惚れ薬を飲んだせっかち男爵はとにかく今すぐ結婚したい
「ユーリ・・・一体どういう事か、説明してくれるか?」

「あら、私の方も説明してほしいわ。ねえ、何これ?」

 先に質問した僕を受け流して、ユーリは椅子から立ち上がり、床に落ちている白い布を指で摘んだ。

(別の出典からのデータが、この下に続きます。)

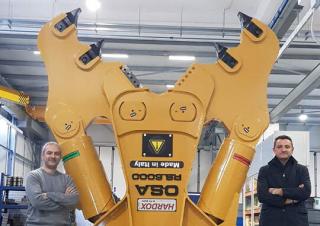 Приставки Бетонотрошачки OSA Demolition Equipment RS6000 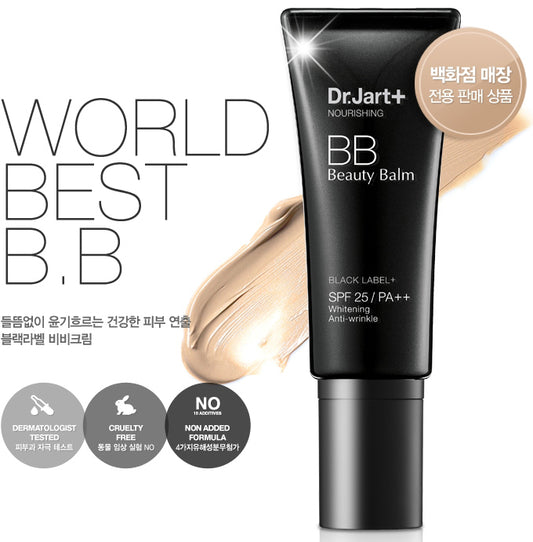 Dr.Jart Nourishing BB Cream SPF25 PA ++ WhiteningAnti-wrinkle 40ml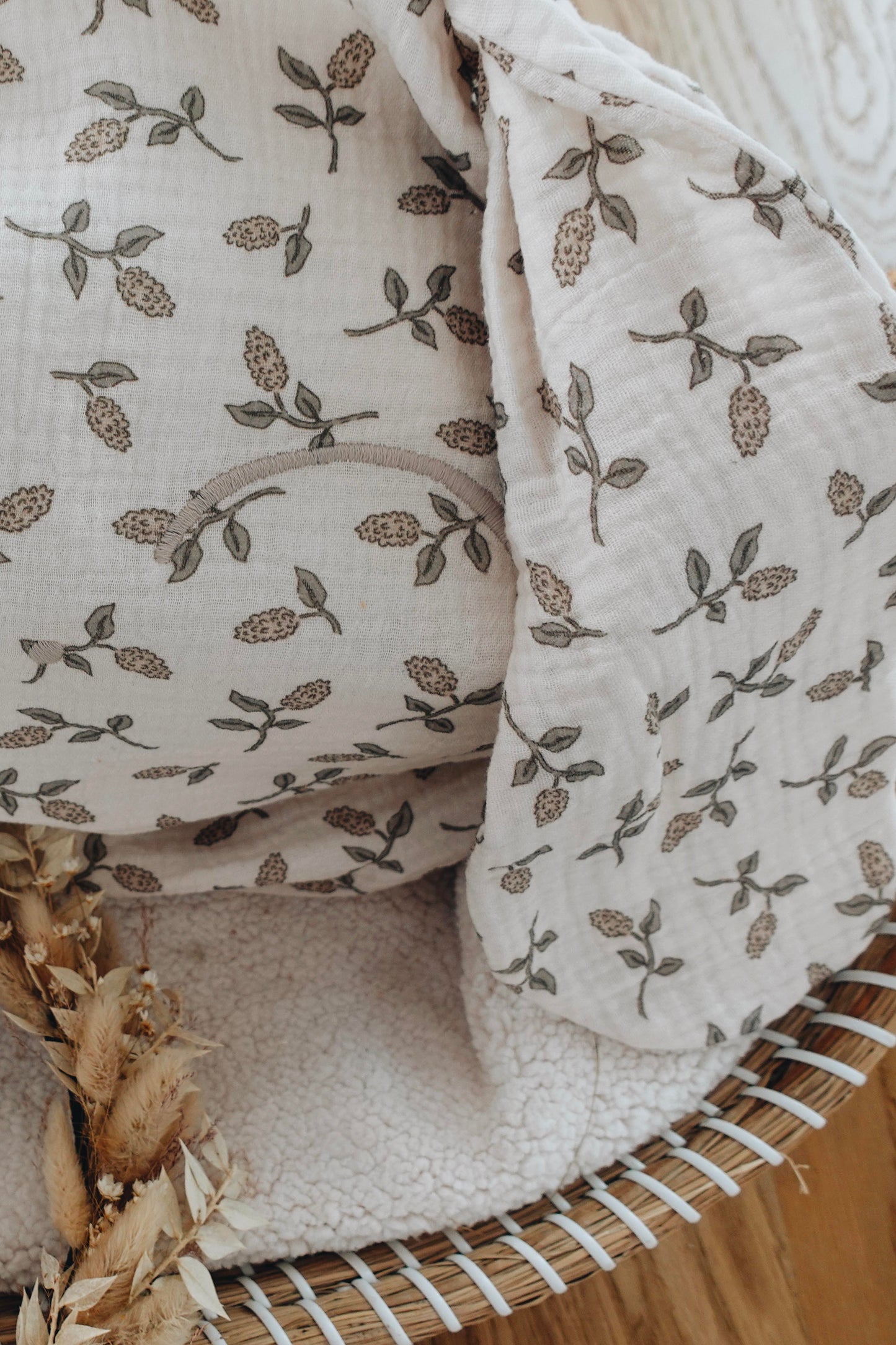 Petit Coussin Lange - Simple Flowers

「・・・うわ・・・なにこれ・・・良く見て芋虫ってとこかしら・・・?」

 ユーリが見つめる先には、白い布地にグシャグシャと緑色の刺繍糸が雑に縫い付けられている。
 ルーカスが言うには、エリーゼ嬢が刺繍した物らしいが、刺繍と呼ぶには酷すぎる。

「いや、それは蝶らしいぞ・・・ルーカス曰く、どっちも結果的に蝶だから同じだそうだ」

「・・・相変わらず、エリーゼ中心に世界が回ってる男ね。こんなゴミを大量に作らせてまで、エリーゼに会う口実を作りたかったのかしら」

「それ、ルーカスとエリーゼ嬢の前で絶対言うなよ・・・」

 たしかに、せっかくの良質の布地にぐちゃぐちゃに刺繍糸で縫い付けられてしまったら、もう掃除くらいにしか使い道はない。
 だがルーカスはそれらを全て、オーダーメイドした木箱に納めて大事に取っている。

 ルーカスのエリーゼ嬢への愛情と執着は異常だ。
 エリーゼ嬢がルーカスの事を好きじゃなかったらと思うとゾッとする。
 騎士時代から、彼には大切にしている女性がいる、というのは有名な話だった。

 戦地で命を落としかけた僕を救ってくれたルーカスへの大恩を返すべく、一時期はルーカスの『影』として暗躍していたが、僕はその事をすぐに後悔することになる。
 これと言って任務がない時には、定期的にエリーゼ嬢の安否確認をさせられた。
 往復3時間は軽くかかると言うのに・・・。

 「彼女の前に姿を見せるな」「5秒以上見つめるな」「彼女に近付く男は迷わず消せ」というルールを課せられ、エリーゼ嬢のストーカーみたいな事をさせられていた。
 なので、彼女と対面するのは今日が初めてだが、彼女の事はよく知っている。

「ねえ、あーんして」

 脳内が回想モードになっている時、いつの間にか僕の目の前に来ていたユーリが、少し顔を赤らめながら僕にそう言った。

 なんだか似たような事を最近見たような気もするけど、僕はそんな彼女に抗えず、妖術でもかかったかのように自然と口が開かれた。